What needs to be done:
In the entries below, repeat only the lines between those holding "just my size" and "Extensão de cor", inclusive. Leave pictures out.

Supplied entries:
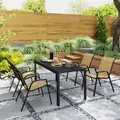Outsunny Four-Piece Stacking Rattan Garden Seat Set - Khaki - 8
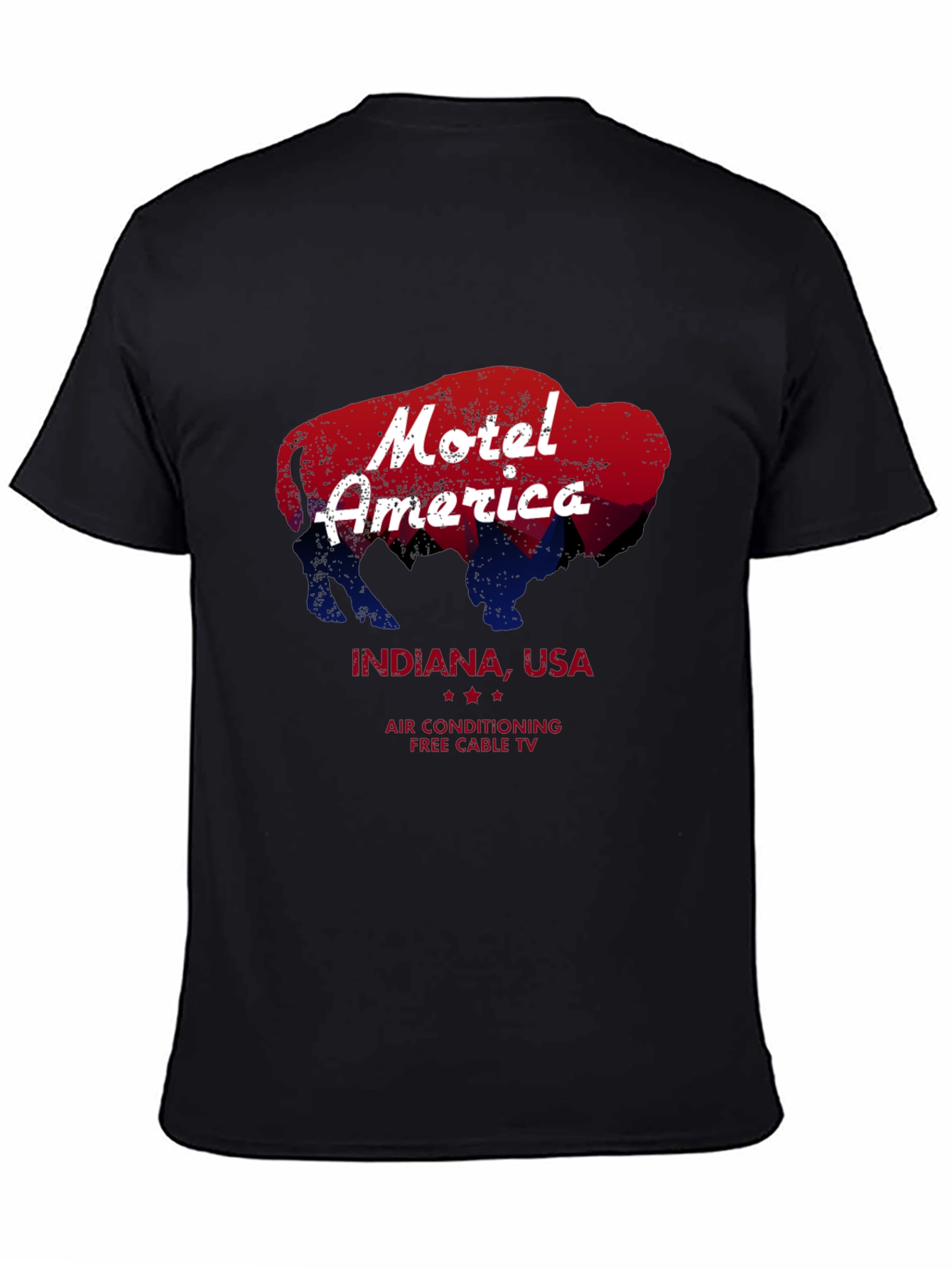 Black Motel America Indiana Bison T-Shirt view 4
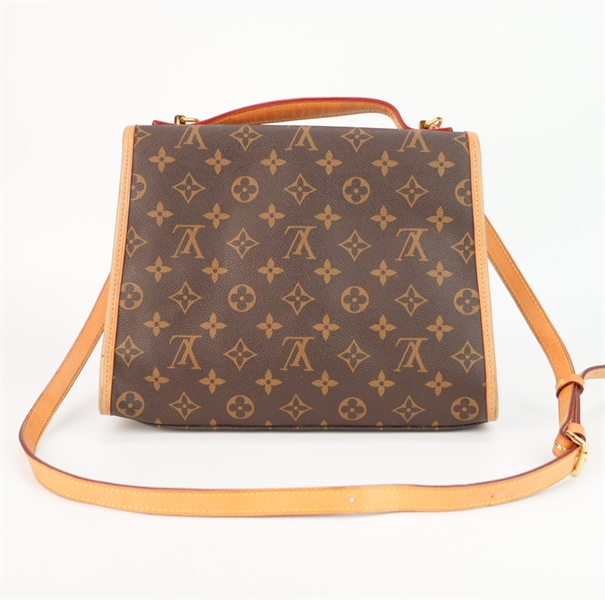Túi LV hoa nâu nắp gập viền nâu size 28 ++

---

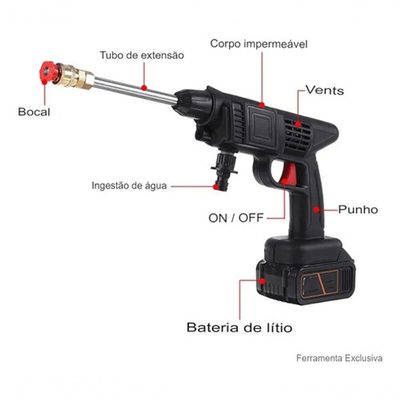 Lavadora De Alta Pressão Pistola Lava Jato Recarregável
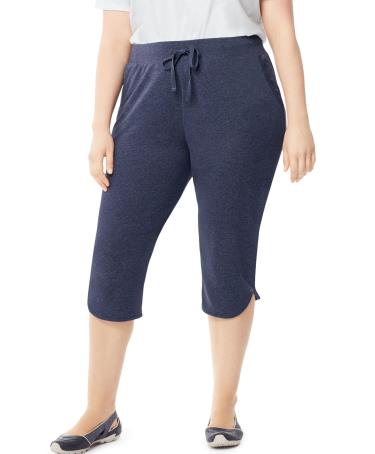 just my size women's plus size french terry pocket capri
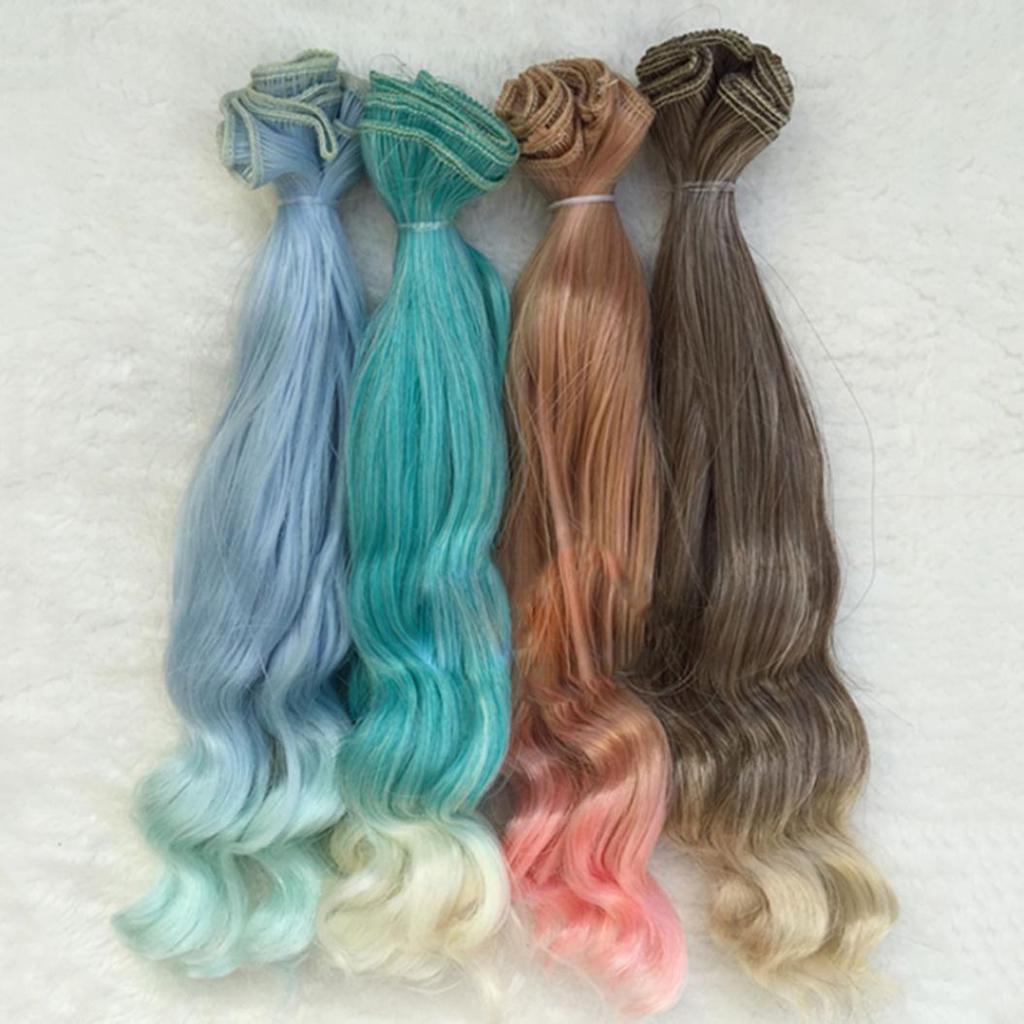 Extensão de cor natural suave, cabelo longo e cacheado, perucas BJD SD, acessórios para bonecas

---

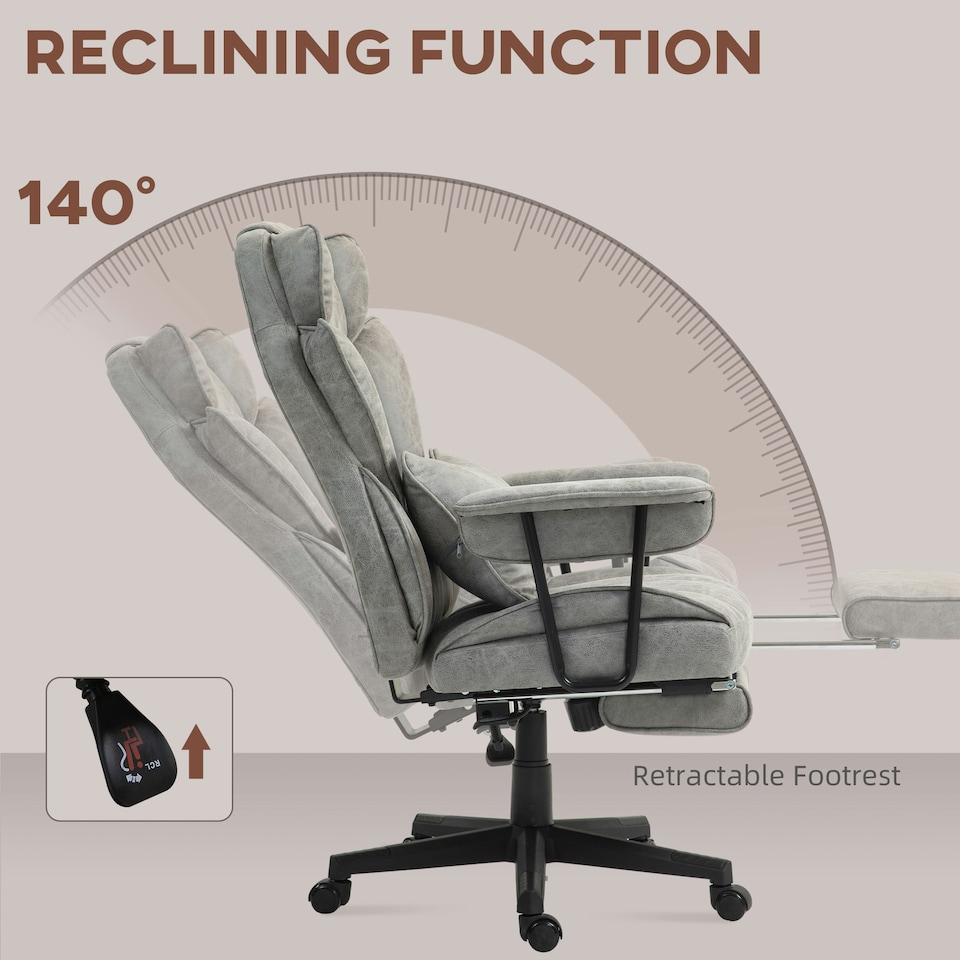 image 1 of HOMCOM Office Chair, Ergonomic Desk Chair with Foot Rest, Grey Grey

Answer to this problem:
 just my size women's plus size french terry pocket capri
 Extensão de cor natural suave, cabelo longo e cacheado, perucas BJD SD, acessórios para bonecas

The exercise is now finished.